Na perspectiva histórica, Vico foi resgatado por Michelet (17981874), mas também admirado por Marx e, contemporaneamente, James Joyce e Isaiah Berlin. Para Michelet, Povo é uma construção social e econômica, sobretudo na sociedade capitalista e, com receio sobre suas propriedades, a burguesia logo acionava as forças públicas como defensoras de um direito de exclusividade, o direito de propriedade:

“Como? O Povo é assim?” [...] “Rápido, aumentemos a polícia, armemo-nos, fechemos as portas, passemos o ferrolho[...] Também nesse campo os criminalistas dominaram a opinião [...] Aí estão, artistas, vossos modelos... O bizarro, o excepcional, o monstruoso, eis o que procurais [...] A esses relatos pitorescos acrescentam teorias profundas pelas quais o Povo, a dar-lhes ouvido, justifica a si mesmo a guerra movida à propriedade [...] Devo escavar a terra e encontrar as bases profundas desse monumento; a inscrição, vejo-o bem, está oculta, escondida lá embaixo... Para escavar não tenho enxada, nem pá, minhas unhas bastarão [...] Queria chegar ao fundo da terra. Mas, desta vez, não é um monumento de ódio e de guerra civil que gostaria de exumar [...] “Legibus fidus, non regibus”. Fiel às leis, não aos reis [...] Para citar um exemplo, eles não quiseram ver que a questão penitenciária dependia da questão da instrução pública[5][...]Parece que os remédios específicos não faltaram. São cerca de cinquenta mil no Bulletim des lois [...] A crítica do presente pelo passado, pela comparação variada dos Povos e eras diferentes [...] A depressão e a degeneração são apenas exteriores. O conteúdo subsiste. Essa raça sempre teve vinho no sangue; até naqueles que parecem mais extintos, encontrareis uma centelha [...] Entraves exteriores e vida forte que reclama de dentro: esse contraste produz muitos movimentos falsos, uma discordância nos atos, nas palavras, que choca à primeira vista [...] A economia de palavras beneficia a energia dos atos [...] o que é sonho no jovem transforma-se no ancião em reflexão e sabedoria [...] As mulheres do Povo, particularmente, forçadas mais do que as outras a ser a providência da família e do próprio marido [...] com o tempo chegam a atingir um espantoso grau de maturidade [...] Conheci algumas [...] já não pertenciam à sua classe, nem a outra qualquer: estavam acima de todas. Eram extraordinariamente prudentes, penetrantes, até mesmo em assuntos dos quais não se poderia suspeitar que tivessem qualquer experiência [...] Disso resultou uma mudança profunda nas ideias e na moralidade. O homem constrói sua alma de acordo com a situação material (Michelet, 1988, pp.115-129 – grifos nossos).
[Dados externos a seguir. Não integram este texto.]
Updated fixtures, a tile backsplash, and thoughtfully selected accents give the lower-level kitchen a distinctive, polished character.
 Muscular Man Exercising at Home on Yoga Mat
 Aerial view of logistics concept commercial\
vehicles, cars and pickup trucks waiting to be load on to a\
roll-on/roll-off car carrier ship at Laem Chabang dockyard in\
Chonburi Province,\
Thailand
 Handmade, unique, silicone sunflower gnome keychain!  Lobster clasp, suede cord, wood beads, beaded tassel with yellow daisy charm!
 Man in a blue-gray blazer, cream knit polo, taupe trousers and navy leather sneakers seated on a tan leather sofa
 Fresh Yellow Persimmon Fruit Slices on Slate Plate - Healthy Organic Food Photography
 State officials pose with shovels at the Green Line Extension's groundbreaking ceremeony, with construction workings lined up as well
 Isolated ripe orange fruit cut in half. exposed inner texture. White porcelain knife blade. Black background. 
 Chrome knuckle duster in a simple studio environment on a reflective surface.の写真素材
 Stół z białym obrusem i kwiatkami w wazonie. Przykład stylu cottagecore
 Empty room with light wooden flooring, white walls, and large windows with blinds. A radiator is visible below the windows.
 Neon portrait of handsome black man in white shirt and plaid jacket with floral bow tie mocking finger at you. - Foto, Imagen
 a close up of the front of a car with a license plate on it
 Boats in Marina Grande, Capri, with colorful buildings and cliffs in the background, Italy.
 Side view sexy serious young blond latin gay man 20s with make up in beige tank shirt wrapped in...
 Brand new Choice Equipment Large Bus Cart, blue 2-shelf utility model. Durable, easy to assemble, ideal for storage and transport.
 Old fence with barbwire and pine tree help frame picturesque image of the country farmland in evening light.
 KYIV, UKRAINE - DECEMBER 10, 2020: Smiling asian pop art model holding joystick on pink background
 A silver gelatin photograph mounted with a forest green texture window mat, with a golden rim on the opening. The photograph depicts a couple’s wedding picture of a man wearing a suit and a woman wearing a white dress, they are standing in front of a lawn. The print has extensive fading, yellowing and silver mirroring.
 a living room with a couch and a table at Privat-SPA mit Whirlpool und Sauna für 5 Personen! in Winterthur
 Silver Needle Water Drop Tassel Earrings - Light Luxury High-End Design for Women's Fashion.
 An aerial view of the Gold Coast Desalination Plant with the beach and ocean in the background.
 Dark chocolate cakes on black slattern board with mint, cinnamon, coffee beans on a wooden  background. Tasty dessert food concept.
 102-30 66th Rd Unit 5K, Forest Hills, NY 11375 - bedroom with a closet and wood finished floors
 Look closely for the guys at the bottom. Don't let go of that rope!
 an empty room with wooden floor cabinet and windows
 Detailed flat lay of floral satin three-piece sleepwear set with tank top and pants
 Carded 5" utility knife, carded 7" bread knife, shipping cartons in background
            Sob a égide do capital, todas as formações sociais comandadas pelo Estado Moderno seriam exclusivistas e determinadas a arrecadar a coerção em benefício unicamente de seus privilégios? Economicamente, talvez a resposta seja sim; juridicamente, contudo, há distinções de que se ocupam os juristas e os legisladores desde o Estado Moderno até a edificação do Estado de Direito.

Então, o que é Povo?

            Institucionalmente, povo é uma parte da população capaz de participar e interferir – politicamente – nos principais processos eleitorais e democráticos de um Estado. Por Povo podemos entender um conjunto de indivíduos que se constituem em comunidade para realizar determinados interesses comuns. O Povo, então, reivindica a formação de um Poder Político que lhe garanta a requisição de um direito adequado às suas necessidades e aspirações.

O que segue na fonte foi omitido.